2 of 3 people found the following review helpful:
5.0 out of 5 stars
The Short Form of Making Way, October 20, 2010
This review is from: Existence and Existents (Paperback)
Writing a review of a major work of philosophy is a preposterous act of presumption. So,instead, I will simply offer a thank you.
I have already recommended this book. This friend of mine is a self-taught student of philosophy who is truly exploring through this literature what Nietzsche's proclamation, "God is Dead" means to someone who is deeply committed to a spiritual practice.
"Existence and Existents" is an exploration of life's upsurge, in the language of philosophy, that accepts the "irremissible" (Levinas's word) onslaught of this upsurge, while not surrendering to its being "meaningless."
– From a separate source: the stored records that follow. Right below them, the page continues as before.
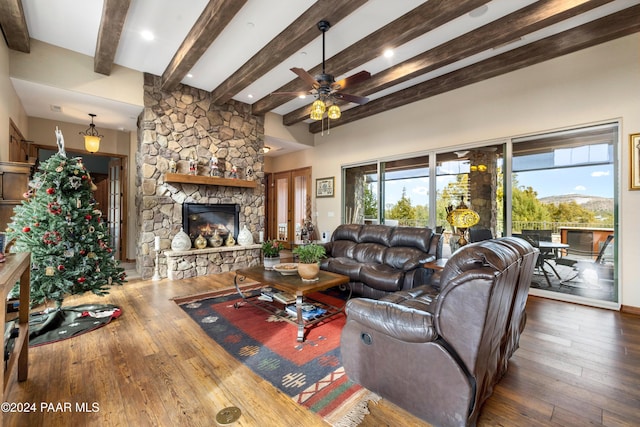 living room featuring a fireplace, dark hardwood / wood-style floors, ceiling fan, and beamed ceiling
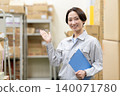 Middle-aged female worker in a warehouse 140071780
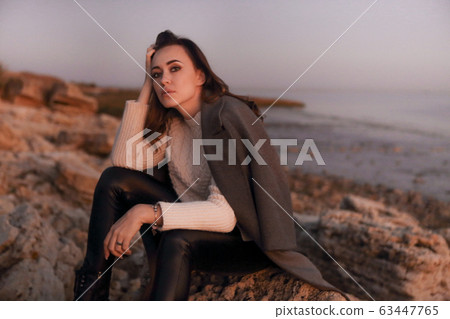 Young woman sitting on autumn beach 63447765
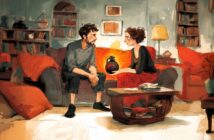 A man and a woman sit on a couch in a cozy, warmly lit living room, talking seriously. The woman holds a dark vase. Bookshelves, a lamp, and a fireplace with a glowing fire decorate the background.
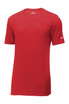 A red Nike Dri-FIT cotton/polyester T-shirt with a logo on the sleeve. A red Nike Dri-FIT cotton/polyester T-shirt with a logo on the sleeve.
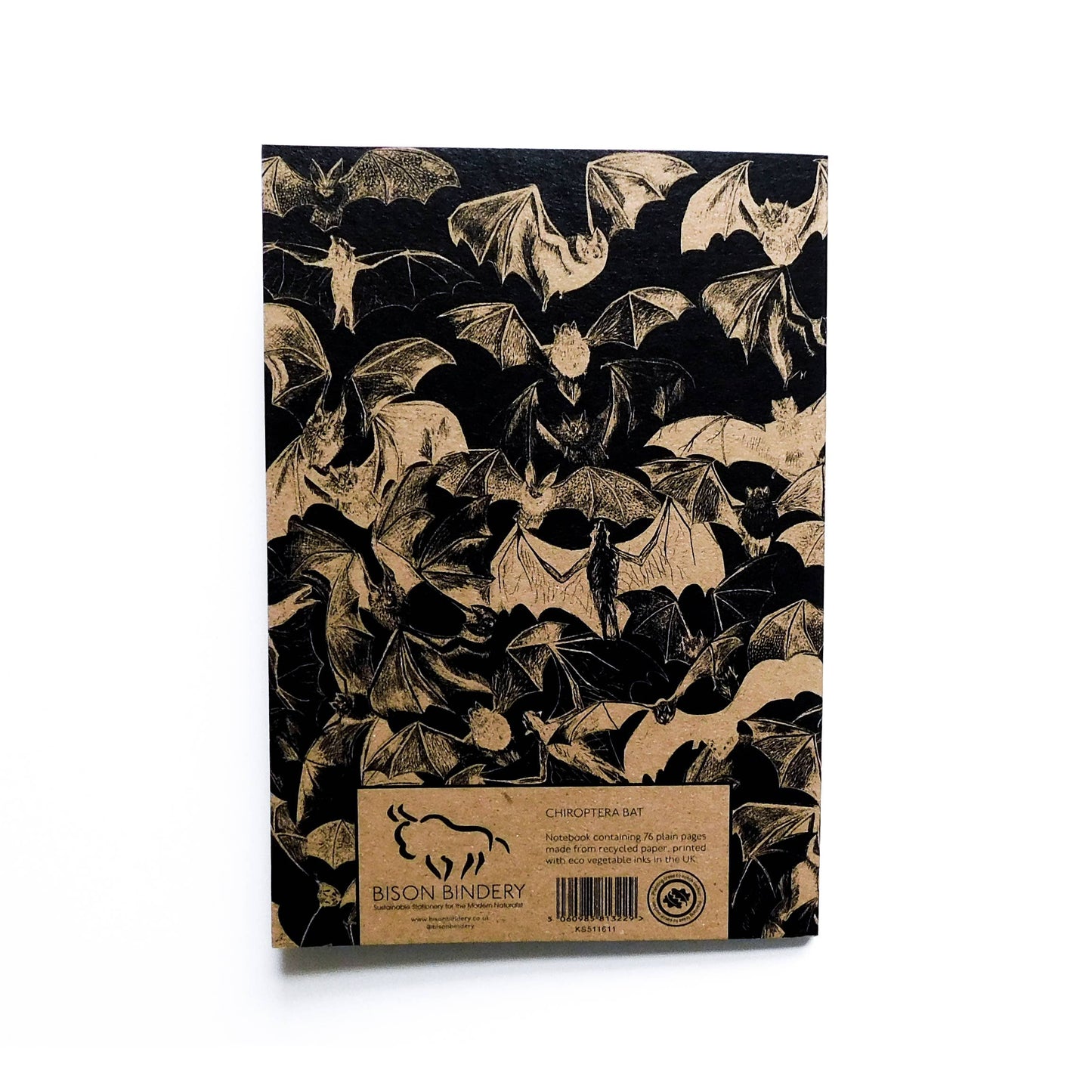 Notebook with bat pattern on black cover, Bison Bindery branding visible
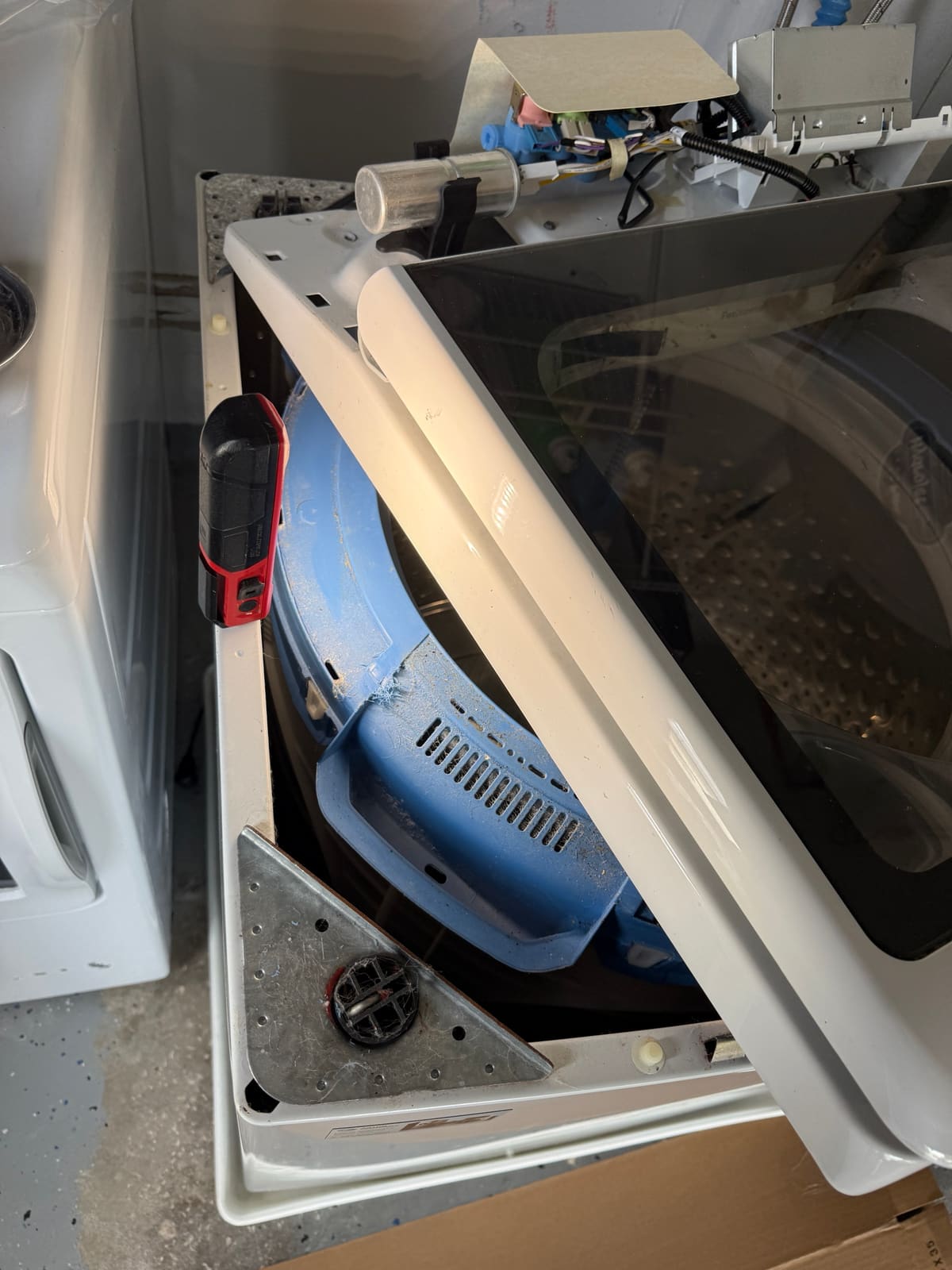 GE top-load washer with the top lifted, showing the tub and a suspension rod mount in the corner of the cabinet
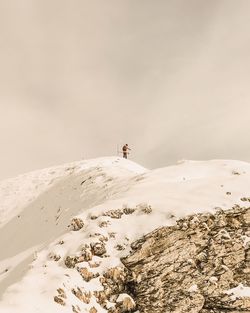 Scenic view of snow covered mountain against sky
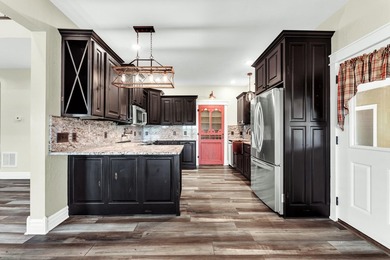 Enhanced price! Beautifully crafted home on 13 acres m/l just - photo 11
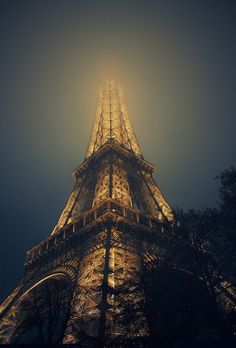 the eiffel tower lit up at night with its lights on and fog in the air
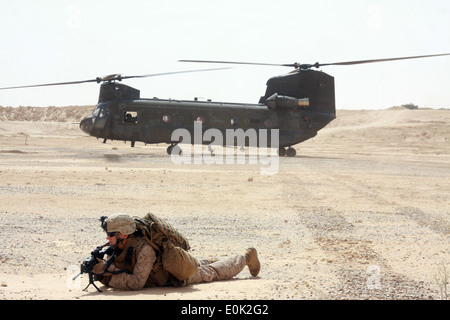 A Marine with 4th platoon, 2d Battalion, 1st Marines, quick reaction force team, lays in the prone position and provides securi Stock Photo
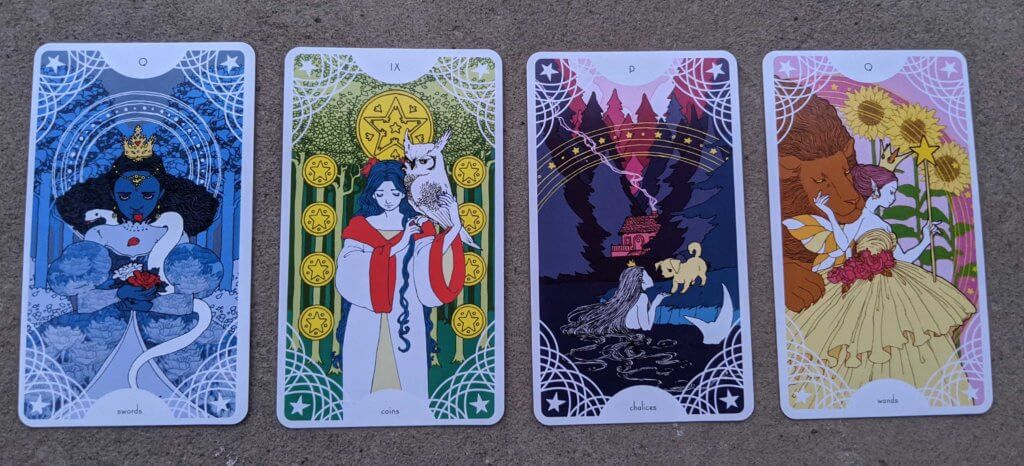 Four cards from Trungles' Star Spinner Tarot: the Queen of Swords, the 9 of Coins, the Page of Chalices, the Queen of Wands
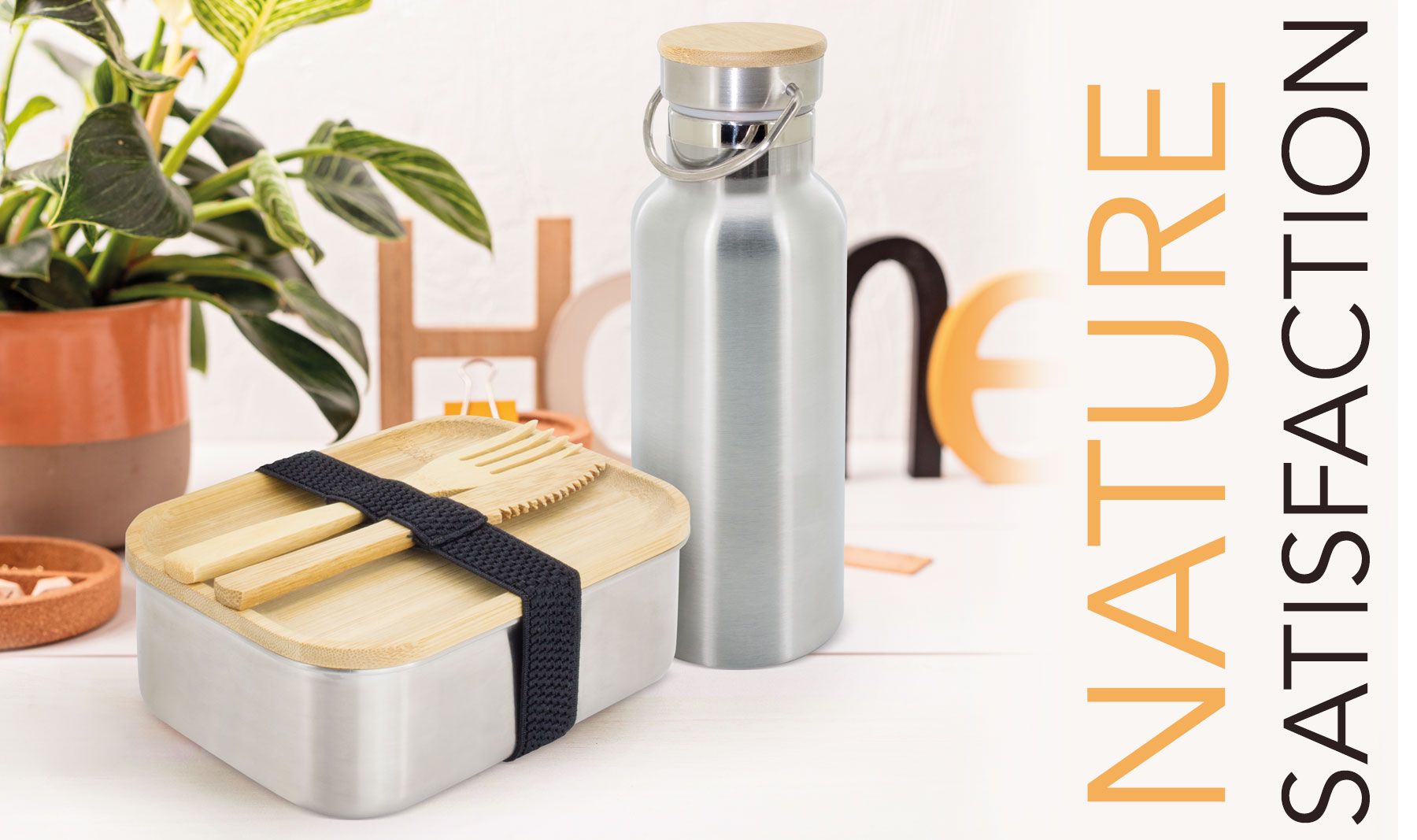 Productset met fles en lunchbox. Tekst: 'NATURE SATISFACTION'. Op een tafel met planten op de achtergrond.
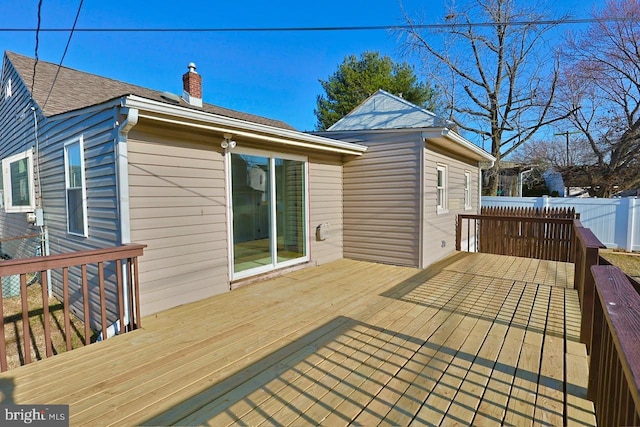 wooden deck featuring fence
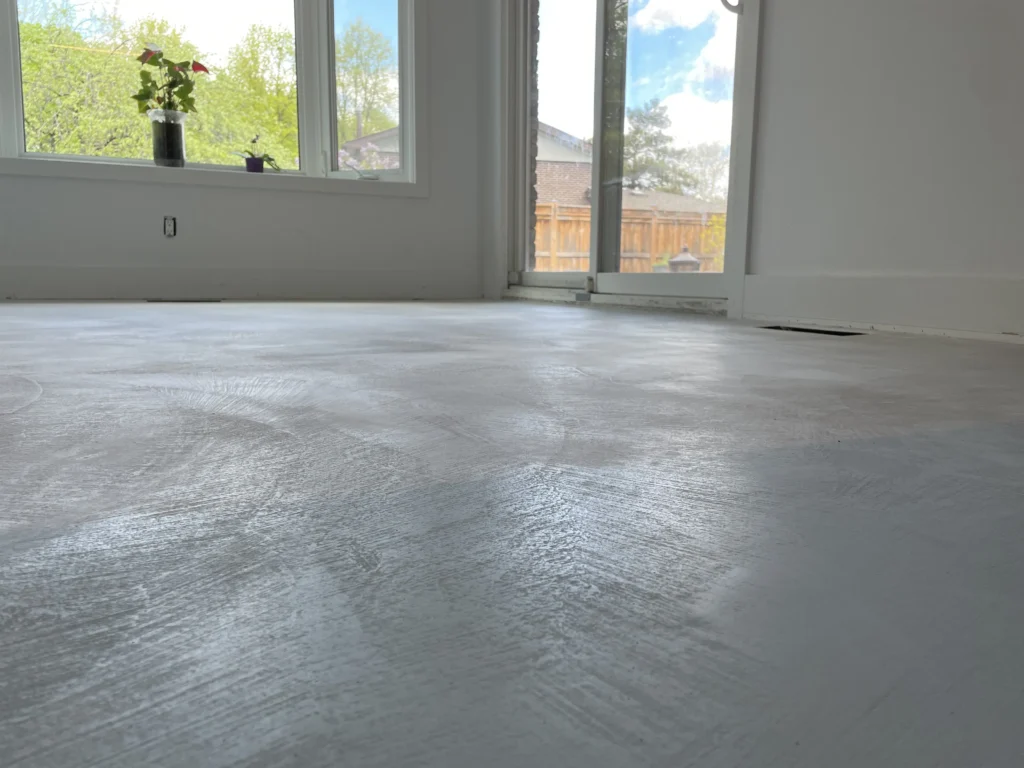 Smooth, newly finished micro-cement floor with natural light streaming through the windows.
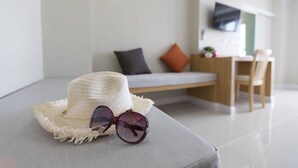 Un salon moderne avec un canapé, une petite table et un téléviseur fixé au mur.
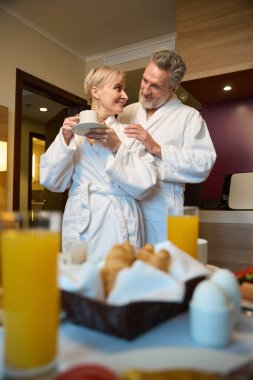 Gülümseyen beyaz adamın mutlu karısına sarıldığı, fincandan çay ya da kahve içtiği ve sabahları otel odasında birbirlerine baktıkları son manzara. Dinlenme, tatil ve seyahat kavramı. İlişki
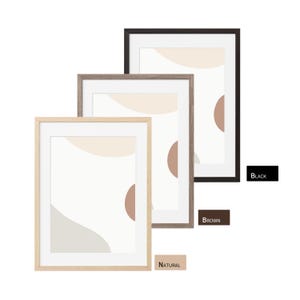 May include: Three framed art prints with abstract designs in neutral colors. The frames are in black, brown, and natural wood tones. The artwork features soft shapes in beige, tan, and brown against a white background. The word "BLACK", "BROWN", and "NATURAL" are written on the image.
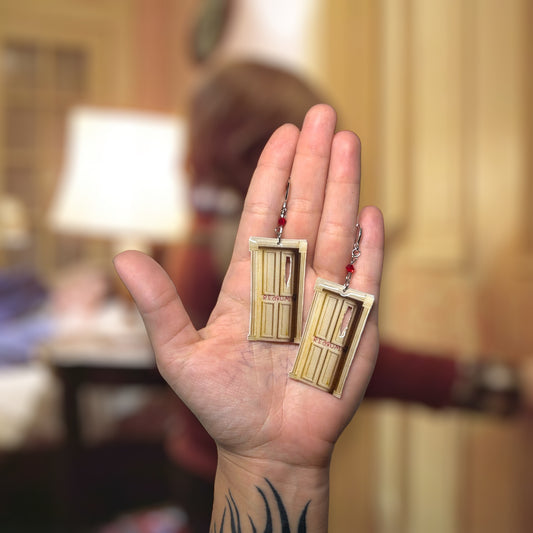 The Shining-inspired redrum door beaded resin statement earrings being held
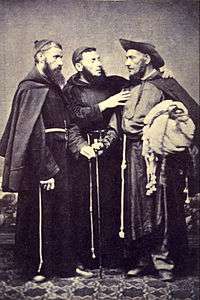 A photograph showing 3 standing men wearing religious habits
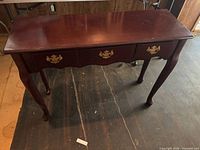 Front view of sofa table showing drawers and legs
The book also serves as a concise counterpoint to Heidegger's mythologizing romanticism of "being." Being is a construction of the already knowing, power-seeking, war-making (as Levinas' "Totality and Infinity" makes clear) subject. Existence, in contrast, knows nothing of being, and engenders "existents" as its self-forming instantiation in its on-going surge of potency, venturing ever onward.
This book therefore sets in motion, in my opinion, the terms and the notion that defines the work of philosophy in the decades ahead. We must come to see how coming forth, in instants and as hope, also yields the human endeavor among other existents and within a frame of that humans must surpass; and so it is the work of the human endeavor to take up its stance as existents always already amid the traces of all that comes and the "there is" that has already ventured beyond itself, no less the human.
God is dead means that we are now taking up the conditions, means and comprehensions that shape a human endeavor at all. Being is the mirror, but look up over it and there is the Other, the infinite writings of faces, all of whom write their coming from existence from the "there is" to exist here, in the "I am." What there "is" of this, we humans must give to ourselves, to others and to all that lies in our "proximity."
I recommend this book to all those who seek a new way of making it matter that the human endeavor take up its responsibility. The book requires work, thought, slow reading and reflection. It teaches us, there by, the ethic of becoming the living we are.